An efficient malware detection approach with feature weighting based on Harris Hawks optimization


Alzubi O. A. , Alzubi J. A. , Al-Zoubi A. M. , Hassonah M. A. , KÖSE U.

CLUSTER COMPUTING-THE JOURNAL OF NETWORKS SOFTWARE TOOLS AND APPLICATIONS, vol.25, no.4, pp.2369-2387, 2022 (SCI-Expanded) identifier identifier

  • Publication Type: Article / Article
  • Volume: 25 Issue: 4
  • Publication Date: 2022
  • Doi Number: 10.1007/s10586-021-03459-1
  • Journal Name: CLUSTER COMPUTING-THE JOURNAL OF NETWORKS SOFTWARE TOOLS AND APPLICATIONS
  • Journal Indexes: Science Citation Index Expanded (SCI-EXPANDED), Scopus, Academic Search Premier, PASCAL, Applied Science & Technology Source, Compendex, Computer & Applied Sciences, INSPEC
  • Page Numbers: pp.2369-2387
  • Keywords: Machine learning, Security, Android malware detection, Harris Hawks optimization, Support vector machine, Feature weighting
  • Süleyman Demirel University Affiliated: Yes

Abstract

This paper introduces and tests a novel machine learning approach to detect Android malware.
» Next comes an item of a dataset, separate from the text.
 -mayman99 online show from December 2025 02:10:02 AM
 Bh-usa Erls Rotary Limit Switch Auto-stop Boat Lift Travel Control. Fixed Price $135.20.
The proposed approach is composed of Support Vector Machine (SVM) classifier and Harris Hawks Optimization (HHO) algorithm. More specifically, the role of HHO algorithm is to optimize SVM classifier hyperparameters while the SVM performs the classification of malware based on the best-chosen model, as well as producing the optimal solution for weighting the features. The effectiveness of the proposed approach and the ability to increase detection performance are demonstrated by scientific testing using CICMalAnal2017 sampled datasets. We test our method and its robustness on five sampled datasets and achieved the best results in most datasets and measures when compared with other approaches. We also illustrate the ability of the proposed approach to measure the significance of each feature. In addition, we provide deep analysis of possible relationships between weighted features and the type of malware attack. The results show that the proposed approach outperforms the other metaheuristic algorithms and state-of-art classifiers.